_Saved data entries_
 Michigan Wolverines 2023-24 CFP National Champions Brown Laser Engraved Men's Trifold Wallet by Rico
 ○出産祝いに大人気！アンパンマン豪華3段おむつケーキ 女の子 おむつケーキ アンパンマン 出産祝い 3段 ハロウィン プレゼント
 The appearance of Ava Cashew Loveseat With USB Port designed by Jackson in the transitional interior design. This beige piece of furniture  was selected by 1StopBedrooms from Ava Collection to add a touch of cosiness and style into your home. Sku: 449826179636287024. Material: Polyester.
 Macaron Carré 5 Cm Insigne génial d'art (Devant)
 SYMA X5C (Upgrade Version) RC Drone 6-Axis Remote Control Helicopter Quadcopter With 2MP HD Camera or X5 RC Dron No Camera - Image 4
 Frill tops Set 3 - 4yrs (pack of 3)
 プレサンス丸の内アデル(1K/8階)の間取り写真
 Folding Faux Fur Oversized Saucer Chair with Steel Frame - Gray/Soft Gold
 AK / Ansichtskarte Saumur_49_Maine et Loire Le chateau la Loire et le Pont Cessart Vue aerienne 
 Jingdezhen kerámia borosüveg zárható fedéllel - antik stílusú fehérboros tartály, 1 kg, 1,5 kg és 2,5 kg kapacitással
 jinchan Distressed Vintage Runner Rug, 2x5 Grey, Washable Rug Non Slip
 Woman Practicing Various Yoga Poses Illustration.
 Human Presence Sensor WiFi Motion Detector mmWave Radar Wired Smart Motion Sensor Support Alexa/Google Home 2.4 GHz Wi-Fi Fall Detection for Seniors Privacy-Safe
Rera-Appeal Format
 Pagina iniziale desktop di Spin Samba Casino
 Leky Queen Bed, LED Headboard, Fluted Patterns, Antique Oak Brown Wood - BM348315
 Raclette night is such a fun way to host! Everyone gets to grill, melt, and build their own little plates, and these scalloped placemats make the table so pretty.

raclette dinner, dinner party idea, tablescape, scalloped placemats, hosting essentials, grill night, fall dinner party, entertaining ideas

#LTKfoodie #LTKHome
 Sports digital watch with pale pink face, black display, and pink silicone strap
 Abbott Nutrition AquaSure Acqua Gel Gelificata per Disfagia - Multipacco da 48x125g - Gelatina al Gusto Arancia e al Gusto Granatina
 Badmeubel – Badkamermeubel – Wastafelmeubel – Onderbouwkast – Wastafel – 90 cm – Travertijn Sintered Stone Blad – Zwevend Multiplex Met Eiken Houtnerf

_Exercise goal_
Please give the number of lines above that include the string "placemats", with nothing added.

_Result of the exercise_
2